Despite having six viable receiver options, I still feel something is missing.
This is where I’d bang the drum reminding folks that Amari Cooper — who could’ve been a perfect short-term, high-floor veteran fit — was had for just a Day 3 pick. However, I have minimal interest in beating a dead horse today. Instead, I’ll leave it at a simple “good job by the Browns for successfully reading and jumping the market” and move on to players who are actually available.
• Will Fuller V — A litany of injuries (and a PED suspension in 2020) have kept him from reaching his full potential. But a one-year deal that could help him re-establish his market in next year’s free agent class and aid in Justin Fields’ development would be a win-win.
• T.Y. Hilton — Hilton isn’t who he was from 2014-17, when he made four Pro Bowls while averaging 81 catches, 1,318 receiving yards, and 6 touchdowns. But if he could be that 2020 version of Hilton, it could be helpful.
• Emmanuel Sanders — He’ll play 2022 in his age 35 season, which is notable. But Sanders brings a high floor, veteran leadership, and someone who a rookie like Velus Jones Jr. can aspire to be as he starts his NFL journey.
• Julio Jones — Remember when the Bears signed running back Darrynton Evans, who immediately went to Twitter to recruit his former Titans teammate? Fun times.
Jarvis Landry has a strong résumé, but was reportedly seeking a contract I think is too rich for the Bears right now. Odell Beckham Jr. has skills that could allow Fields to flourish. But a knee injury likely puts him off Chicago’s radar. Despite his superb talent, Antonio Brown is a no-go for me (for very obvious reasons).
In the End
We already know Fields and Mooney have a connection. But the rest of the room features a bunch of players vying for targets. As it stands, it looks like the Bears will field a competitive wide receivers room. Competition being the key element here.
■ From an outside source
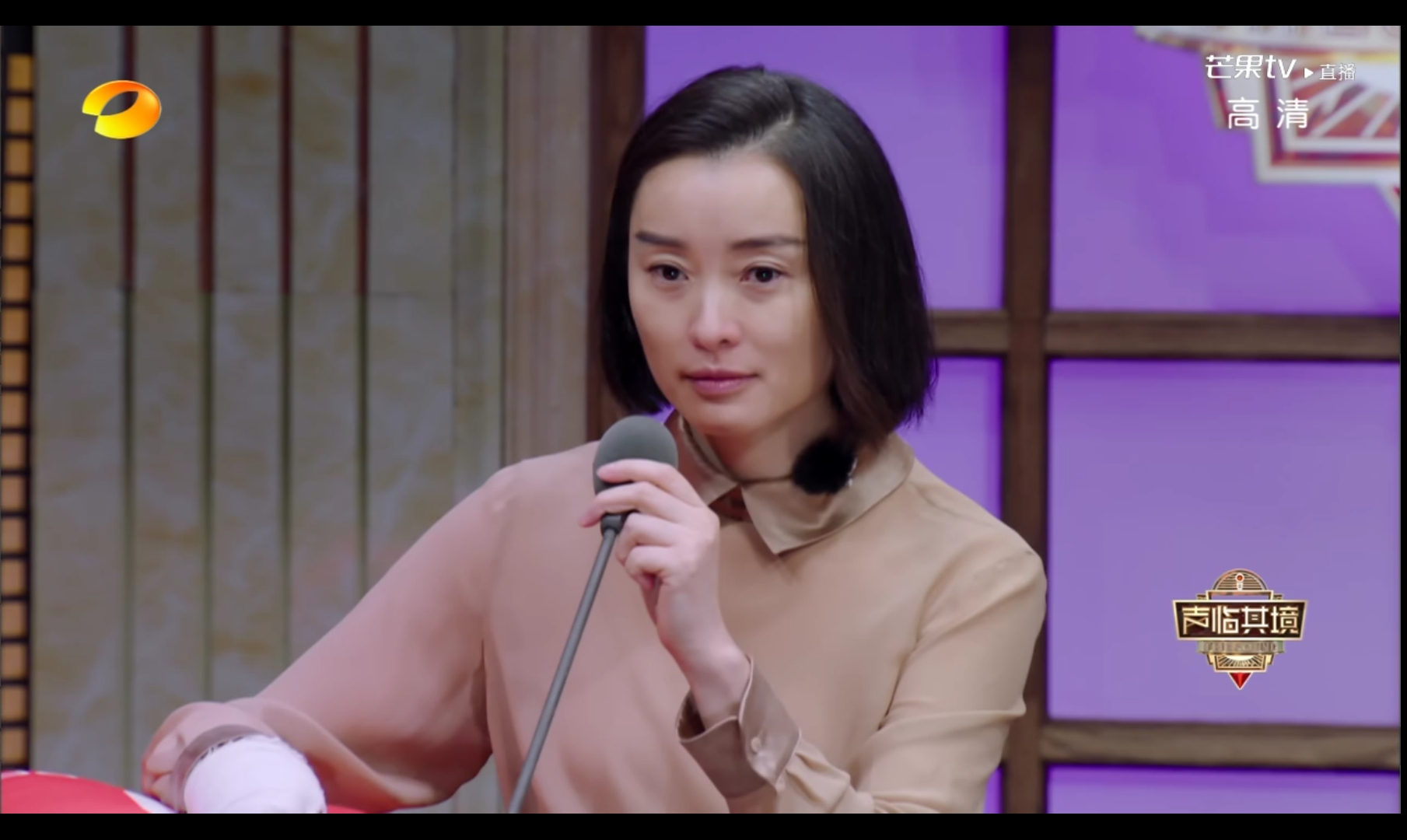 《声临其境2》吴越太敬业了,带伤出场,一人配七角,还跪着配音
Even still … there is room for growth.
Four receivers (Pringle, Sharpe, Pettis, St. Brown) are on one-year deals. Much like how the Bears taking four swings on project offensive linemen on Day 3 of the 2022 NFL Draft was done in hopes of developing one who pans out, taking four cracks at receivers on one-year “prove it” deals does the same thing. It wouldn’t surprise me if (1) at least one player had an unexpected breakout campaign that (2) led to them getting a second contract with the Bears. And if the cookie doesn’t crumble that way, at least we know it wasn’t for a lack of trying.
Again, this group is far from complete. But it has the potential. Maybe all that means is training camp is more fun to watch. Perhaps that summertime competition leaks into the preseason and regular season. What if it leads to someone having a breakthrough season? I wouldn’t say the odds are favorable. After all, each of these players’ track records being what they are is how they end up landing in Chicago on one-year deals in the first place. But it isn’t something I’d dismiss out of hand.